Friday 12 January 2024

Elaine Joyce


            On Thursday morning I was feeling kind of out of it, maybe I’m depressed about starting school again. 
            I listened to “C’est le Bebop” by Boris Vian a couple of times and then memorized the first verse.
            I worked out the chords to the first verse of “Shotgun: by Serge Gainsbourg. I played my Kramer electric guitar during song practice for the final session of four. 
            I weighed 86.7 kilos before breakfast. 
            Around midday I finished touching up all the black squares in the checkerboard pattern I made on the section of the kitchen floor in front of the counter. That’s the end of my home improvement projects until April. 
            I weighed 86.5 kilos before lunch. 
            In the afternoon I rode down to College and St George where I bought The Mere Wife and The Hobbit at the U of T Book Store. They didn’t have The Buried Giant by Kazuo Ishiguro or Pearl by Siân Hughes. I have a digital version of the former but I might have to order Pearl on Amazon. On the way home I stopped at Freshco where I bought five bags of grapes, a pack of blackberries, a pack of blueberries, some bananas, a pack of five-year-old cheddar, a jug of lemonade, a box of spoon size shredded wheat, Full City Dark coffee, and a bag of Miss Vickie’s chips. 
            I weighed 86.2 kilos at 18:00. 
            I was caught up on my journal at 18:49. 
            I spent an hour reading The Mere Wife by Maria Dahvana Headley for my Modern Literary Medievalism course. I almost made it to page 50 before dinner. The narrator was a soldier from a mountain area near an inland sea (mere or moor) in the US. She went to Afghanistan and was captured and raped and got pregnant. She names the baby Gren and returns to her home but everything is gone. It’s now a gated community and she is forced to raise her child in a cave in the mountain. At page 34 I realized that Gren is Grendel from Beowulf. Just down the mountain is a family of three. Willa is the mother and her husband is Roger. At page 42 I realized that Roger is King Hrothgar from Beowulf. Gren has been raised eating whatever his mother can trap, whether it’s squirrels or cats that have wandered too far from below. She tells Gren never to make contact with anyone in the community but he goes down to play with Willa and Roger’s son Dylan, although Dylan’s parents think Gren is an imaginary friend. 
            I had a small potato with gravy and three pork ribs while watching the series finale of Green Acres. As with the penultimate episode, this was another backdoor pilot for a spinoff. It looks like the producers knew the show would be canceled and decided to sneak in two pilots so their production team and writers could survive the rural purge that killed Petticoat Junction, The Beverly Hillbillies, the Andy Griffith Show and many other country based sitcoms. 

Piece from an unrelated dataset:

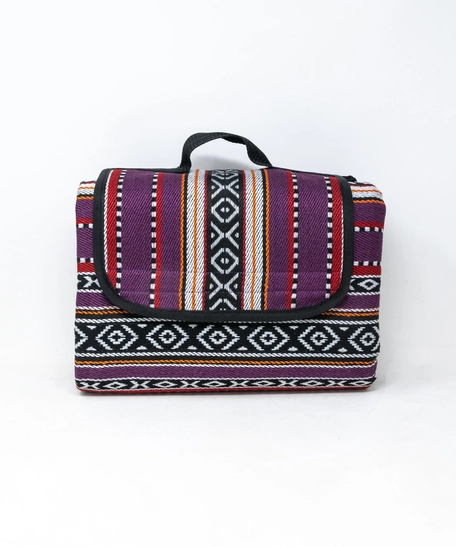 Foldable Picnic Blanket with Bedouin-Inspired Patterns - Gray 1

            The story begins with Oliver getting in touch with his former legal secretary Carol Rush. His watch has broken and he remembers that she had taken it to be fixed at a watchmakers in New York and he wants to find out the name of the shop. Carol now lives with her sister and brother in law in LA and she works for Mr. Oglethorpe. Carol is a stereotypical ditsy blond to the extreme and is always on the verge of getting fired. A Mr. David comes to see Oglethorpe and Carol thinks he looks familiar. David tells Oglethrope about a $50 million real estate deal he’s making and Oglethorpe wants in. David says he’d have to invest $50,000. Oglethorp says he’ll sell some property and get $40,000 then gives him a cheque for all of his savings of $10,000. Meanwhile a young lawyer named Mark Allen rents an office from Oglethorpe and Carol negotiates a low monthly rent for him. After the cheque has been handed over and her boss leaves, Carol remembers that David is a conman that Oliver Douglas prosecuted in New York. Her brother in law Harry has a plan to help her get the cheque back. She gets into David’s hotel room and tries to distract him while she searches for the cheque as Harry is waiting outside. But Harry is a gambler and learns of a card game across the hall. At first David is trying to make it with Carol but then realizes that she was Oliver’s secretary and is going to kill her. She starts screaming but Harry can’t leave the game because he’s won too much money. But the cops come to bust the game and hear Carol screaming. David is arrested. 
            The spinoff would have been titled The Blonde or Carol, starring Elaine Joyce. She made her film debut as an extra in West Side Story. Her first television appearance was on Route 66 in 1962. She starred in Sugar the Broadway musical version of Some Like It Hot and won the 1972 Theatre World Award for her performance. She made several uncredited appearances in films until she was finally named in the credits of How To Frame A Figg. She was a dancer on The Danny Kaye Show, made guest appearances on many TV shows and was a regular panelist on several game shows in the 60s. In the short lived series City of Angels she played the secretary of a private eye/pimp played by Wayne Rogers. She hosted the first season of The All New Dating Game. She played a sorceress in the series Mr. Merlin. She was married to Bobby Van, then John Levoff and finally Neil Simon. She was the lover of J.D. Salinger for a few years.